Rhodes has also been linked to racist robocalls targeting U.S. Sen. Dianne Feinstein of California.
Captain Darrell Byers of the Albemarle County Police Department said there have been multiple reports of the calls, but because the caller is using a “spoofed” number, investigators can’t do much.
“It’s difficult for us to backtrack that information,” Byers said. “It’s just like a political candidate doing robocalls.”
Charlottesville Police Chief RaShall Brackney did not return a message seeking comment. Gendreau estimated that at least a dozen businesses in Charlottesville received the call.

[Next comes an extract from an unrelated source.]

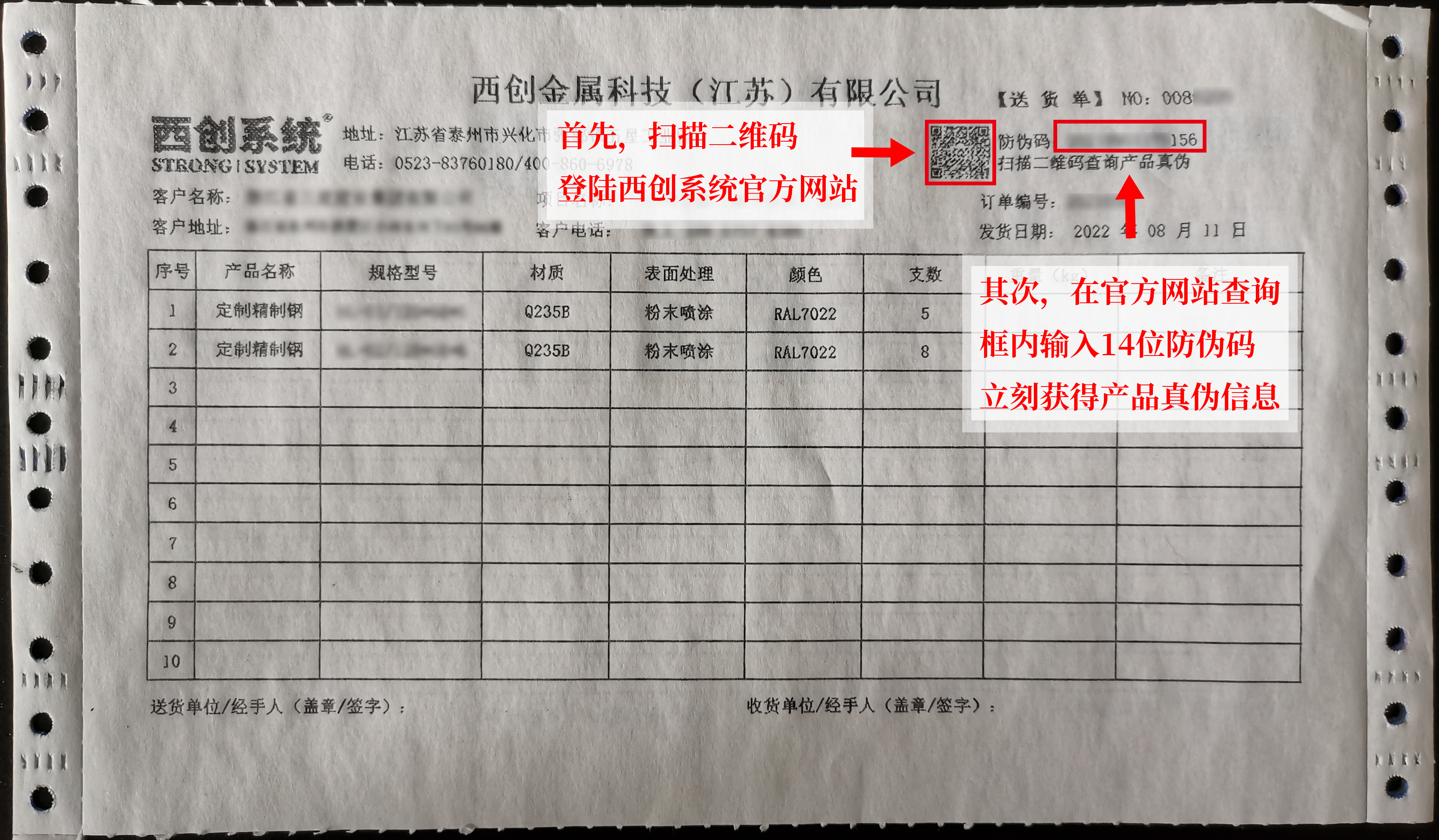 西創系統精致鋼（精制鋼）防偽碼在哪里獲得？防偽碼如何使用？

By spoofing a phone number out of Danville, Virginia, Rhodes made the number appear local and hid the origin of the call. The number, provided to Hatewatch by several recipients of the call, is registered to a resident in that city.
The number used in the calls to Charlottesville also ends in the digits “1488,” a significant number in the neo-Nazi culture. The “14” refers to white supremacist David Lane’s directive, “We must secure the existence of our people and a future for white children.” The “88” is an homage to the leader of Nazi Germany, Adolf Hitler. “H” is the eight letter of the alphabet and the “88” stands for “HH” or “heil Hitler.”
Byers said as the calls are reported to police, that information is shared with other law enforcement agencies. But, for now, Byers said, there’s not much law enforcement can do about the calls.
“At the end of the day, just hang up,” Byers said.
Horrifying, chilling call
A year ago, Gendreau and her co-workers watched as neo-Nazis and others rampaged through downtown. Gendreau even saw 21-years-old James Alex Fields drive by their restaurant, moments before Heyer was hit and killed. Fields faces first-degree murder charges and federal hate crime charges stemming from the death.
What happened that weekend is still real to Gendreau and others who witnessed it. Getting the robocall brought back many memories of that day, Gendreau said.
The recording repeatedly referenced “negroes” and other racial slurs and had music playing in the background, Gendreau said.
And, the call was surprising for more than just its content, Gendreau said. The recording sounded quite professional, with what may have been a voice actor reading a script, she said.
The owner of a downtown business, who did not want to be named, said the message of the recording was a call to violence by white people.
“What this guy had was a call for jihad,” the business owner said.
“It was horrifying,” said Gendreau, who noted that she cried after hearing the recording.
Gendreau and other business owners are frustrated that not much can be done about the calls, even though a few Google searches led them to Rhodes as the person likely making the calls.
For now, at least, they plan to follow Byers’ advice should another similar call come in — just hang up.